[[ Data section, beginning ]]
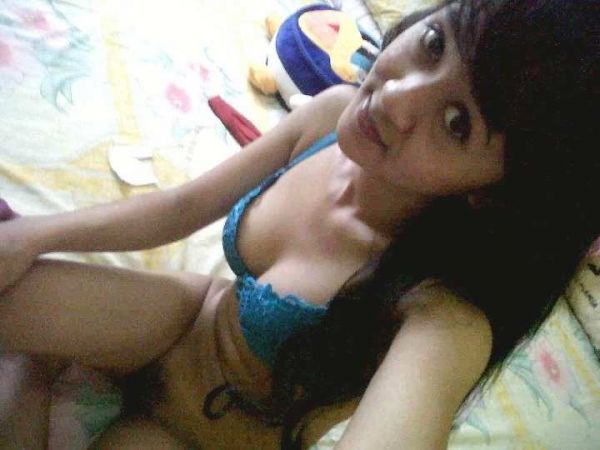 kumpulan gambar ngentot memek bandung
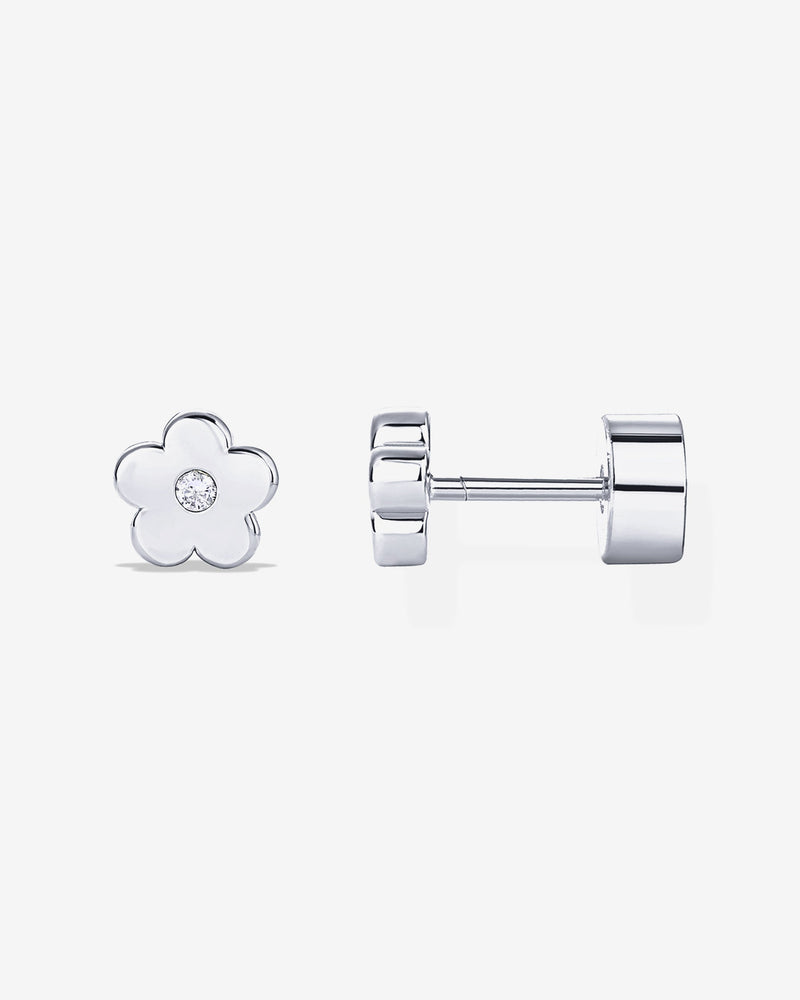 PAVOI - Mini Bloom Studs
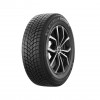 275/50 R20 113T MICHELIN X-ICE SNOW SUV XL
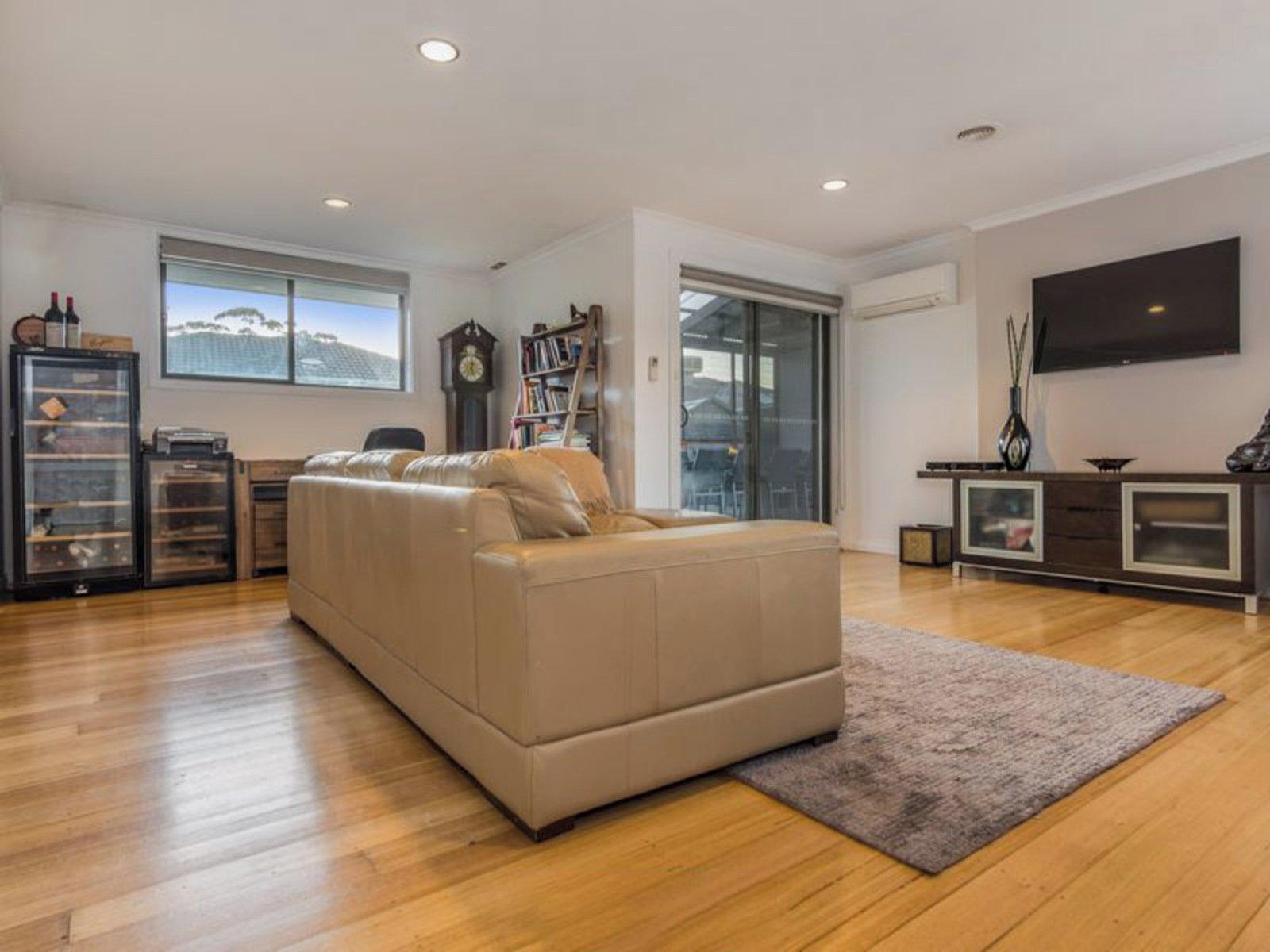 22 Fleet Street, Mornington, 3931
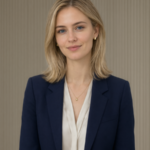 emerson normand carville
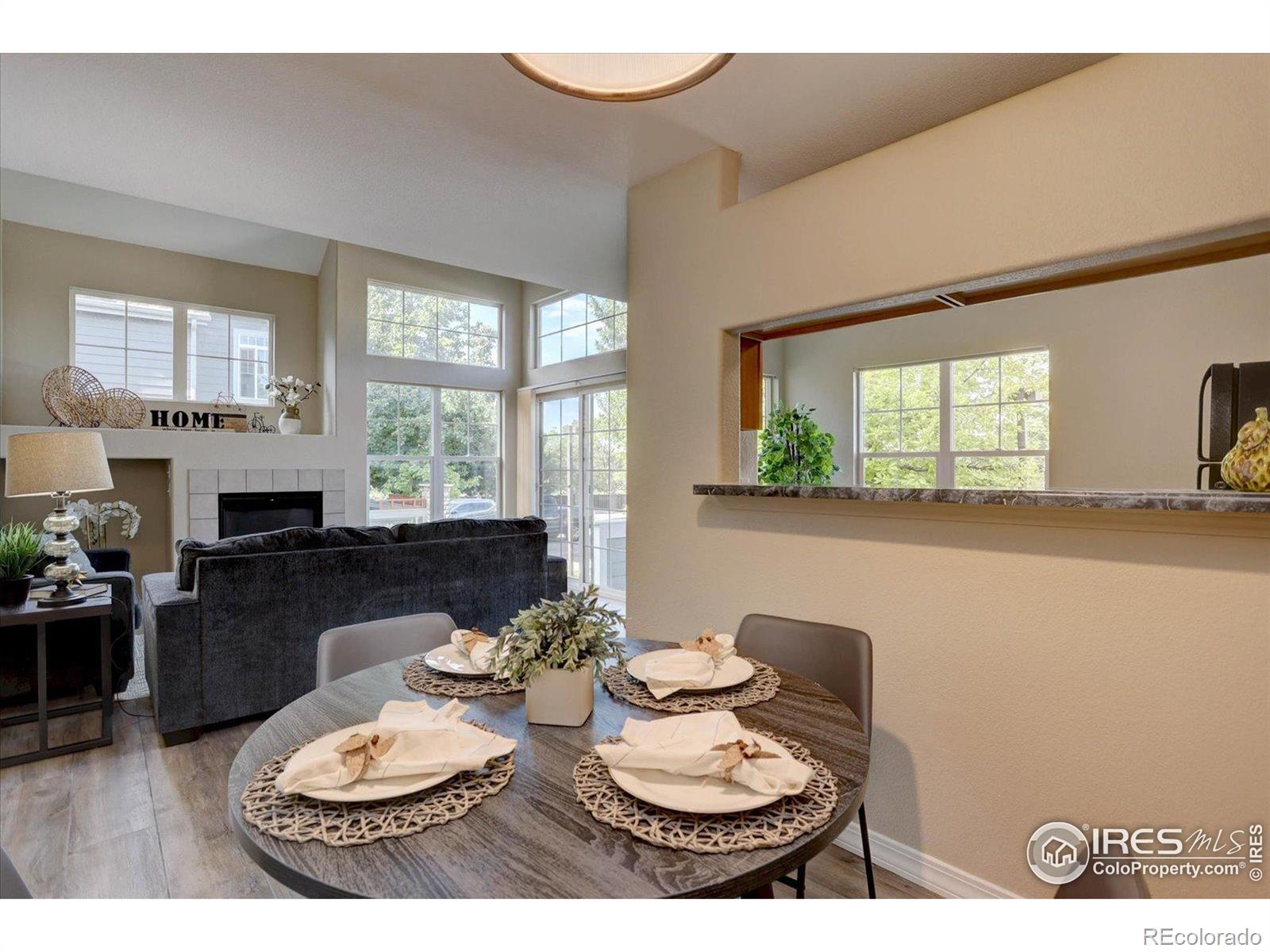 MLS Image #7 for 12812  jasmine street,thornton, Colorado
[[ Data section, end ]]
» **Your assignment**: Your copy should be the entries retyped exactly, with no images in it.

» **The completed task**:
 kumpulan gambar ngentot memek bandung
 PAVOI - Mini Bloom Studs
 275/50 R20 113T MICHELIN X-ICE SNOW SUV XL
 22 Fleet Street, Mornington, 3931
 emerson normand carville
 MLS Image #7 for 12812  jasmine street,thornton, Colorado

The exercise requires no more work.